I have also got a smack-pack of this in the fridge, which I can divide in a week or two once I get brewing. Will post up more once I know when I plan to brew it.
Cheers.


----------



## Frank (13/10/10)

No time to brew for this one.
I will run the judging.


----------



## Effect (13/10/10)

Got three samples in the fridge for anyone that needs one. PM me for pick up details. I have raven and rootingkings down for splitting the yeast cake.

Cheers
Phil


----------



## Hatchy (13/10/10)

I'm happy to judge if yr desperate for one or be a steward if yr not. I'll be keen for these challenges at some point but my AG brewing is at L plate stage at the moment.


----------



## jbirbeck (15/10/10)

Phillip said:


> Got three samples in the fridge for anyone that needs one. PM me for pick up details. I have raven and rootingkings down for splitting the yeast cake.
> 
> Cheers
> Phil



legend, cheers.

Now I just need to get some carared and wait for the target to arrive...

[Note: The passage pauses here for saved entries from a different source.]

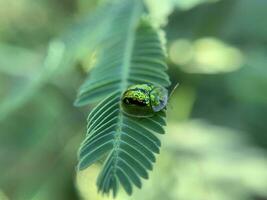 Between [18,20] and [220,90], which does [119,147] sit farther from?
[18,20]

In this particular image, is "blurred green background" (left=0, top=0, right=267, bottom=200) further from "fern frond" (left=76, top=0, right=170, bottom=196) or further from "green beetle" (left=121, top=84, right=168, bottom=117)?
"green beetle" (left=121, top=84, right=168, bottom=117)

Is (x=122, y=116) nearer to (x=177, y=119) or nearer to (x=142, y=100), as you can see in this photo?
(x=142, y=100)

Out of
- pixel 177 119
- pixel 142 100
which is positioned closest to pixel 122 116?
pixel 142 100

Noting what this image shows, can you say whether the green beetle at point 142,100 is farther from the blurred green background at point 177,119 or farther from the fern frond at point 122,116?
the blurred green background at point 177,119

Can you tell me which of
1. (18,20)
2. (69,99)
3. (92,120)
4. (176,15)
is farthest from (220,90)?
(92,120)

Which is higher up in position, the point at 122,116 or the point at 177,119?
the point at 177,119

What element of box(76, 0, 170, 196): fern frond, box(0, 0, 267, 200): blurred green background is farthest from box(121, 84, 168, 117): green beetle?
box(0, 0, 267, 200): blurred green background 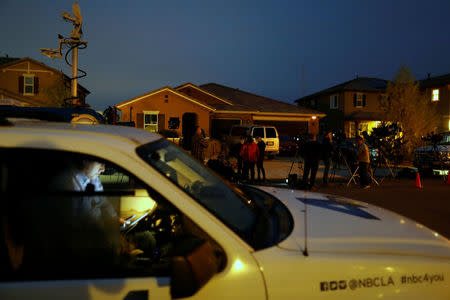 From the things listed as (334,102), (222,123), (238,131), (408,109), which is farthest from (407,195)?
(334,102)

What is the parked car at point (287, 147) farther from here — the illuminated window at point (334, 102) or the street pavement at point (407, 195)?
the illuminated window at point (334, 102)

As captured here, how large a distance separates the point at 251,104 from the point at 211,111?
5589mm

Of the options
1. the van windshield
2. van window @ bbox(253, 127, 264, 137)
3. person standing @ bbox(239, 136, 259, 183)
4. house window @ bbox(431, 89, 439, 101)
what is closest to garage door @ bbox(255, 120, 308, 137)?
van window @ bbox(253, 127, 264, 137)

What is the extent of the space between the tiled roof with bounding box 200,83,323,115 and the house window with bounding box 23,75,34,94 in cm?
1510

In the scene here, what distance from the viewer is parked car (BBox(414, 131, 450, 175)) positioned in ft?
48.0

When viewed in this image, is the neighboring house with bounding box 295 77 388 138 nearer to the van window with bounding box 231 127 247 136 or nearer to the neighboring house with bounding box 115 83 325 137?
the neighboring house with bounding box 115 83 325 137

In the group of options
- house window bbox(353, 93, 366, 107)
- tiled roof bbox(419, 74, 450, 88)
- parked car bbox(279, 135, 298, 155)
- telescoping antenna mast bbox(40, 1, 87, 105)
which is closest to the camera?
telescoping antenna mast bbox(40, 1, 87, 105)

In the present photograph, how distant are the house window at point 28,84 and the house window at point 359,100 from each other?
99.3 ft

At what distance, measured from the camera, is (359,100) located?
118 ft

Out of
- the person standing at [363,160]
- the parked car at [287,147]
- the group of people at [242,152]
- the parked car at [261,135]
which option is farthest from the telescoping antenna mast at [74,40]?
the parked car at [287,147]

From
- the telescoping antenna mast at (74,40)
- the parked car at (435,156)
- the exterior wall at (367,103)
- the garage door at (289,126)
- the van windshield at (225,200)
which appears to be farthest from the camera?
the exterior wall at (367,103)

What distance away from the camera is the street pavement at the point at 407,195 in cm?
754

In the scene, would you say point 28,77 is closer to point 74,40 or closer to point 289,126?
point 74,40

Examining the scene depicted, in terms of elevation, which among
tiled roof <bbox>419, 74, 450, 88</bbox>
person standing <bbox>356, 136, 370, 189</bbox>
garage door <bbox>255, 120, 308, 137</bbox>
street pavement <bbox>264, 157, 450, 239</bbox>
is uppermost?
tiled roof <bbox>419, 74, 450, 88</bbox> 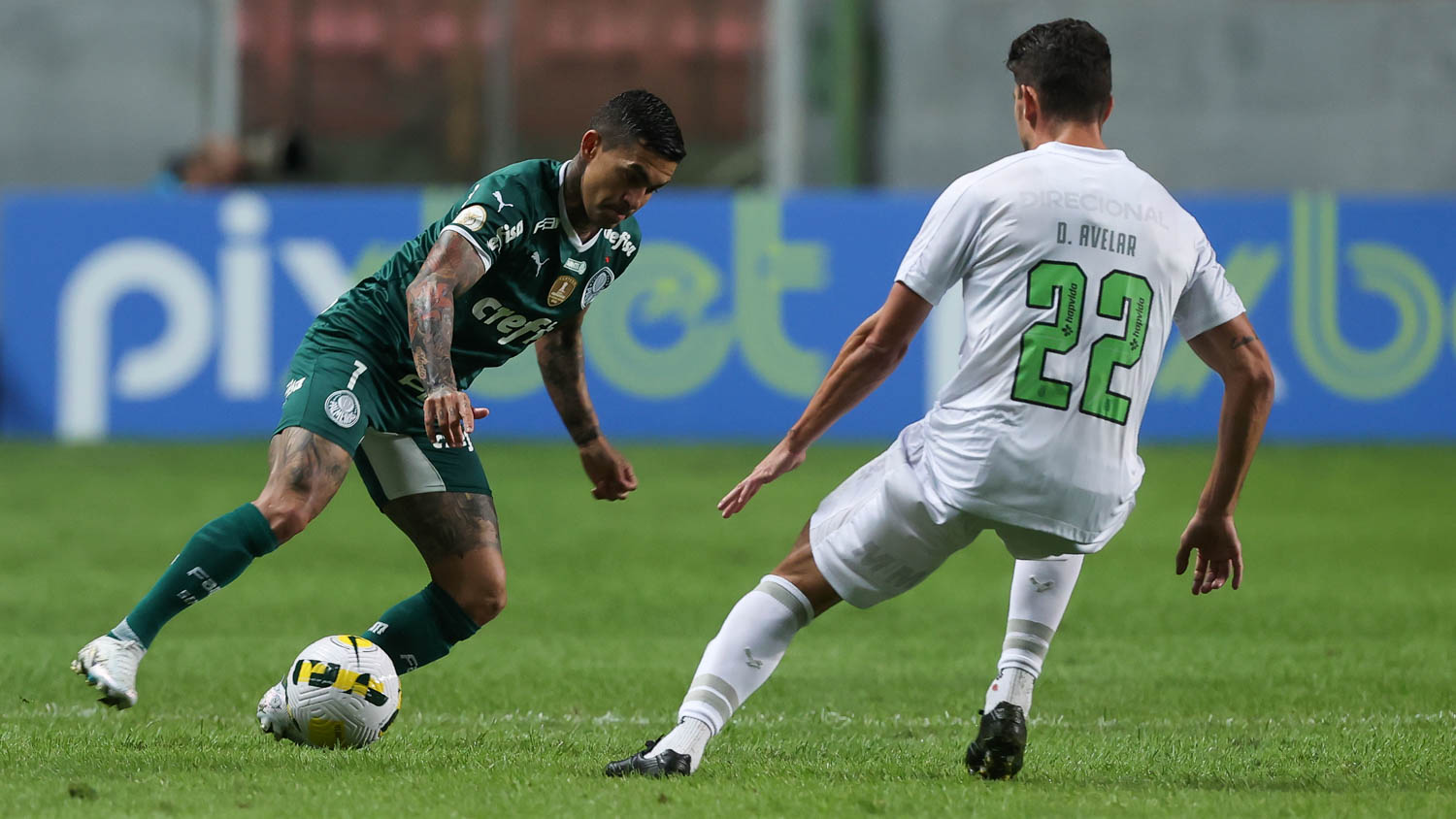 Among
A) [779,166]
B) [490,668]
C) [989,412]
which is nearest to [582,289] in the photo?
[989,412]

Qu on the recipe; why so high a % in crystal, up over 10%. I know its supposed to have moderate caramel flavour but...seems high to me. Not saying it won't be a good beer. 

anyhoo, it certainly will be interesting to see what people come up with. I know what my plan is but its a secret :icon_cheers:


----------



## mje1980 (15/10/10)

I've gone 15% carared in a "red ale" a while ago. Bloody nice beer. Based on Doc's red i think. I think ( but could well be wrong ) that its for the right colour, and or for the maltiness. 

Would love to be there for the judging of this challenge!!


----------



## manticle (15/10/10)

Thought I might get to knock this one out on the weekend but realised I have all ingredients except cararoma and I'm not going to be able to get it between now and then. Next week I won't be able to do it so unlikely I'll have one ready in time. I might still brew the recipe anyway - I'll do my own judging at home.


----------



## drsmurto (16/10/10)

I'll need a sample of yeast, preferably yeastcake to save this lazy brewer from making a starter :lol:


----------



## raven19 (17/10/10)

Phillip said:


> 8% Munich I or II



Maybe a silly question, but are we talking about straight Munich malt, or caramunich I or II spec malts here? :blink:

Edit - after a bit more research I am presuming basic munich malt unless advised otherwise.

Hoping to make this brew this week.


----------



## Effect (27/10/10)

I hope that your irish reds are going well. Mine is going to transfer from primary into secondary (keg) tomorrow or thursday. That means raven, rootingkings and smurto - there will be some yeast cake ready for you all. I am thinking that there will be enough for 3 people...

Cheers
Phil


----------



## Kieren (27/10/10)

Phillip said:


> I hope that your irish reds are going well. Mine is going to transfer from primary into secondary (keg) tomorrow or thursday. That means raven, rootingkings and smurto - there will be some yeast cake ready for you all. I am thinking that there will be enough for 3 people...
> 
> Cheers
> Phil



Mine is not going well. Since I had to squeeze this is into my brew schedule I could not use my ferment fridge and had to rely on a less than ideal heat pad setup for temp control. Ferment temp rose 24 degC after 24hrs, I cooled it back down to 20 which stalled the yeast. It has been slowly chugging away since. Tastes quite fruity at the moment. Might bottle a few to see how it comes out - keg the rest and turf it if it turns out average.


----------



## raven19 (27/10/10)

Phillip said:


> I hope that your irish reds are going well. Mine is going to transfer from primary into secondary (keg) tomorrow or thursday. That means raven, rootingkings and smurto - there will be some yeast cake ready for you all. I am thinking that there will be enough for 3 people...



Legend!

I plan on only making a mini 10L batch of this brew, so I wont need as much yeast as RK & Smurts if that helps.


----------



## Goofinder (27/10/10)

Made up a starter from the yeast I got from Phillip and managed to get mine in the fermenter on the weekend before driving over to Melbourne. Looked like it had started off early on Monday morning so it should be ready to be racked by the time I get back.


----------



## Effect (28/10/10)

Got the yeast cake in bottles for you all to pick up.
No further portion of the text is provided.